「ぜひ本編が終わっても席を立たずに観てほしい」
印象的なラストカットと次なる目標について
―――ラストシーンのカット割りにもハッとさせられました。猿渡に呼び止められて梨枝が振り返り、斜めのバストアップから正面のクローズアップに繋がるのですが、ここがジャンプカット気味になっていますね。あれは現場で確信的に撮っていたのか、編集の時に発見されたのか。いかがでしょうか?
「最後を正面からの梨枝のドヤ顔のアップにしたのは、ファーストカットの梨枝のクローズアップと同じにしたかったからです。 “梨枝で始まり梨枝で終わる”。それは最初の段階から決めていました」
―――映画の最初と最後で、同じ女優さんとは思えないような表情の変化が捉えられていますね。

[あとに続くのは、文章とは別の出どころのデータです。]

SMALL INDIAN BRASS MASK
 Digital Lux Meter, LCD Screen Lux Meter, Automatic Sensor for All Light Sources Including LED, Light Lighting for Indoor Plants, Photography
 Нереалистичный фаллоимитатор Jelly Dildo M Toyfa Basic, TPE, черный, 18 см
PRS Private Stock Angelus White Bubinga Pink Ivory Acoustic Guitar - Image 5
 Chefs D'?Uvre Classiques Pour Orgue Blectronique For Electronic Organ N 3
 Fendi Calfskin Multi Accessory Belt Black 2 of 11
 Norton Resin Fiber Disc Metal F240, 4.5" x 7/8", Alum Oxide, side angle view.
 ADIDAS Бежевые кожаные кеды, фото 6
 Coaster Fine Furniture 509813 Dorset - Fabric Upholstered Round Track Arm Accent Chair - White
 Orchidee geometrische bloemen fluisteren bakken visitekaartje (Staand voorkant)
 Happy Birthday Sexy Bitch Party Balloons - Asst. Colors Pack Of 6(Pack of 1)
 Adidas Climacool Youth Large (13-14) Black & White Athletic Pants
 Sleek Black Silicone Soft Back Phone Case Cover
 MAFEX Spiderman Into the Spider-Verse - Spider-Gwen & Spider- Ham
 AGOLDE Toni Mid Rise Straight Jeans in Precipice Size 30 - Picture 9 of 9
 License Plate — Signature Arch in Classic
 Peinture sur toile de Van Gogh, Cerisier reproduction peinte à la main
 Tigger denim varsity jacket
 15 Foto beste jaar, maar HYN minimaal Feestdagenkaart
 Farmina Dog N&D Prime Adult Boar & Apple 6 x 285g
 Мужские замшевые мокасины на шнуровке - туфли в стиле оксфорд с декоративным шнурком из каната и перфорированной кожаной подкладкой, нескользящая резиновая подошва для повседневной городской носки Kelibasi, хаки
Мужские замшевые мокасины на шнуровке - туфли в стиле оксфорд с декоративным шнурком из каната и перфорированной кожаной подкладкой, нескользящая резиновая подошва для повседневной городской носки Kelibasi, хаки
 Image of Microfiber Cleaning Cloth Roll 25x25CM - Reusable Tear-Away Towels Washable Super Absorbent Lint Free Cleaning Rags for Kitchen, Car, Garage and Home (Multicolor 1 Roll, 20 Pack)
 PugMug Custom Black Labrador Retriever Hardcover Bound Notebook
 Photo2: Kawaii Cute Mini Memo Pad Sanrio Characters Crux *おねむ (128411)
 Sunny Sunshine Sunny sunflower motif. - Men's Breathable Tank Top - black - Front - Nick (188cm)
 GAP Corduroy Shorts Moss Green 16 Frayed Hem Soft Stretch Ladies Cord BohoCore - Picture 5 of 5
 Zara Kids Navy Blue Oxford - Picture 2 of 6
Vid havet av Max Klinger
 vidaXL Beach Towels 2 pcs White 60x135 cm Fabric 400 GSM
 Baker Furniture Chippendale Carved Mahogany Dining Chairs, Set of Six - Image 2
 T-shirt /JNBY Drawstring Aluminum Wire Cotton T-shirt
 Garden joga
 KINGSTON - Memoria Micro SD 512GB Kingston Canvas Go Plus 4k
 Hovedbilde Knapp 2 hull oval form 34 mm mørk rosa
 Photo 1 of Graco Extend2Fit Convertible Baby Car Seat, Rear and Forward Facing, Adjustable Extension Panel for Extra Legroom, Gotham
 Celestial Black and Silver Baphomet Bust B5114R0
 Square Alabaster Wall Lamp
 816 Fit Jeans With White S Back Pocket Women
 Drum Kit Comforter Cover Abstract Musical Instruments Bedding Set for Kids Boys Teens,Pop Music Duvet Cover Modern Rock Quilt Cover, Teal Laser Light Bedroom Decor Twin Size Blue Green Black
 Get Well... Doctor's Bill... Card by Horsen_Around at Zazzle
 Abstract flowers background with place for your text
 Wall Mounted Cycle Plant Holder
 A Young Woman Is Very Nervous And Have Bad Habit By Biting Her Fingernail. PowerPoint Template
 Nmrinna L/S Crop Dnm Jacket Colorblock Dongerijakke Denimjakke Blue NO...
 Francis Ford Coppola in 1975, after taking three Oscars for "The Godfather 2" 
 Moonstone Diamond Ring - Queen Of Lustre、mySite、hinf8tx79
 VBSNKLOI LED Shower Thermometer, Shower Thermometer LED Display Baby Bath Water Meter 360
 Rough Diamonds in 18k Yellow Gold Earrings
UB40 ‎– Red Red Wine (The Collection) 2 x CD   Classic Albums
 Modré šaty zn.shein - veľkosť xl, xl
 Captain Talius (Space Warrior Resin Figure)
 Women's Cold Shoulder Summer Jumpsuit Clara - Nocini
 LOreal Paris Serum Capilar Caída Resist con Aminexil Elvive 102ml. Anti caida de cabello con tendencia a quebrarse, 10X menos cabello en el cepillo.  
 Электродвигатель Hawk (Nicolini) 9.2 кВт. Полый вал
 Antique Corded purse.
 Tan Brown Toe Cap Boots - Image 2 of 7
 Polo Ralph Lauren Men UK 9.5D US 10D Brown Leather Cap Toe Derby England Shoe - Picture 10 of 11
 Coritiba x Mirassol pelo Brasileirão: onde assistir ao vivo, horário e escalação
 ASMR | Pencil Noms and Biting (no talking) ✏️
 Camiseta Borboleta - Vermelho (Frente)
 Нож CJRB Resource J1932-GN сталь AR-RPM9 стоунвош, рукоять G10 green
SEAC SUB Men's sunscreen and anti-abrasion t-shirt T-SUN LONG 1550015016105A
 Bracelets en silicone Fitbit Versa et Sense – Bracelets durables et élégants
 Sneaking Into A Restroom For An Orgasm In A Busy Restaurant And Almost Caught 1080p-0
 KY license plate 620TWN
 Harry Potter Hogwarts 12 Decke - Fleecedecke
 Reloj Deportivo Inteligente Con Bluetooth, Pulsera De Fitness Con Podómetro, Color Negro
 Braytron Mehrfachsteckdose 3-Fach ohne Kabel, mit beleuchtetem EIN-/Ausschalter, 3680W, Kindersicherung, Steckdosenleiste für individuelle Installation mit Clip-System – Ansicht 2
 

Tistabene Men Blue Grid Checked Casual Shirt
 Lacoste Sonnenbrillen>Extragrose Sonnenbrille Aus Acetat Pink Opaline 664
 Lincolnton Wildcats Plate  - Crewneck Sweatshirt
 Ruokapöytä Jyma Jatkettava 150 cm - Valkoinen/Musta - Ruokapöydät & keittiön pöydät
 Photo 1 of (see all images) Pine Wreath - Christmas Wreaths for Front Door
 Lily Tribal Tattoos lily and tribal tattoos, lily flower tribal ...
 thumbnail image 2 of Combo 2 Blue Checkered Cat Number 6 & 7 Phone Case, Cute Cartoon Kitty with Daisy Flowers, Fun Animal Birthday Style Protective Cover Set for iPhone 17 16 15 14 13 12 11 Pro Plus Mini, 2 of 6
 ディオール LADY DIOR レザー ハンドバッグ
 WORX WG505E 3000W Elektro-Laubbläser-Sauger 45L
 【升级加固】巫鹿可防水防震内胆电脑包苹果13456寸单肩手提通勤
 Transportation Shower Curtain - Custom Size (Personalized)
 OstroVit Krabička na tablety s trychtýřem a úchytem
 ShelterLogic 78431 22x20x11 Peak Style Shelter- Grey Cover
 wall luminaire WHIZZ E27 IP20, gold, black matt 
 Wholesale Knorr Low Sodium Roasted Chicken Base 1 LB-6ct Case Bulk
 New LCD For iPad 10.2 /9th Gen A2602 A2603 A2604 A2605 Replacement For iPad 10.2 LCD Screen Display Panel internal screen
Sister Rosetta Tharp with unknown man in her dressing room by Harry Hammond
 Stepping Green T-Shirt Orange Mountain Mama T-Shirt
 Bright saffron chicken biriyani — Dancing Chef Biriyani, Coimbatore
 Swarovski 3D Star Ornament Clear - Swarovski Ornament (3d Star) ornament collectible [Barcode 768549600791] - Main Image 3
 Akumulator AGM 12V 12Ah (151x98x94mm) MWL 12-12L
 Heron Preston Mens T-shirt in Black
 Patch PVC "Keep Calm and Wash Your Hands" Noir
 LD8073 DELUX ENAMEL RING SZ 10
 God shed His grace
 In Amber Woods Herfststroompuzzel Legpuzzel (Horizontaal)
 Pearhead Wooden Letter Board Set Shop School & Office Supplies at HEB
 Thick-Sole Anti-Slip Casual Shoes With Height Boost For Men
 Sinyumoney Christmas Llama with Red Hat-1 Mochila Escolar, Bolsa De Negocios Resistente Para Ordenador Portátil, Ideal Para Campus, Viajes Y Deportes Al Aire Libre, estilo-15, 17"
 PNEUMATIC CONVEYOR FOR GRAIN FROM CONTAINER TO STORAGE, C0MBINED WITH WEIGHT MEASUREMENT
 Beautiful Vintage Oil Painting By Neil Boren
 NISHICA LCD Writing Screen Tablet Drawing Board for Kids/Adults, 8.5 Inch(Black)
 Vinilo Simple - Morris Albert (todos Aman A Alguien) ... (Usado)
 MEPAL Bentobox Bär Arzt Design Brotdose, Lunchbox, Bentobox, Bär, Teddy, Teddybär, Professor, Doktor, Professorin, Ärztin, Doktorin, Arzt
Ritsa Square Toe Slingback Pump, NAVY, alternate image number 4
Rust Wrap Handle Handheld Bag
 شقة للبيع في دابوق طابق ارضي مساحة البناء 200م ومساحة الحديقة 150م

「それを表現したかったんです。実はこのシーン、咲の単独ショットも撮っているんです。凄く良い顔が撮れていたのですが、迷った挙句、外しました。でも名残惜しいので、エンドロールでそのカットを使用しています。個人的にこの映画は、2人の話だと思っているので」
―――エンドロールも必見ですね。
「エンドロール後にひとオチあるので、ぜひ本編が終わっても席を立たずに観てほしいです。ボーナストラックじゃないけど、映画『スリー・ビルボード』(2017)のラストのような、“この後どうするんだろう”っていう締め方が凄く好きなんですよね」
―――では、最後の質問です。有働監督が次にどんな作品をお撮りになるのか気になります。構想などあれば教えてください。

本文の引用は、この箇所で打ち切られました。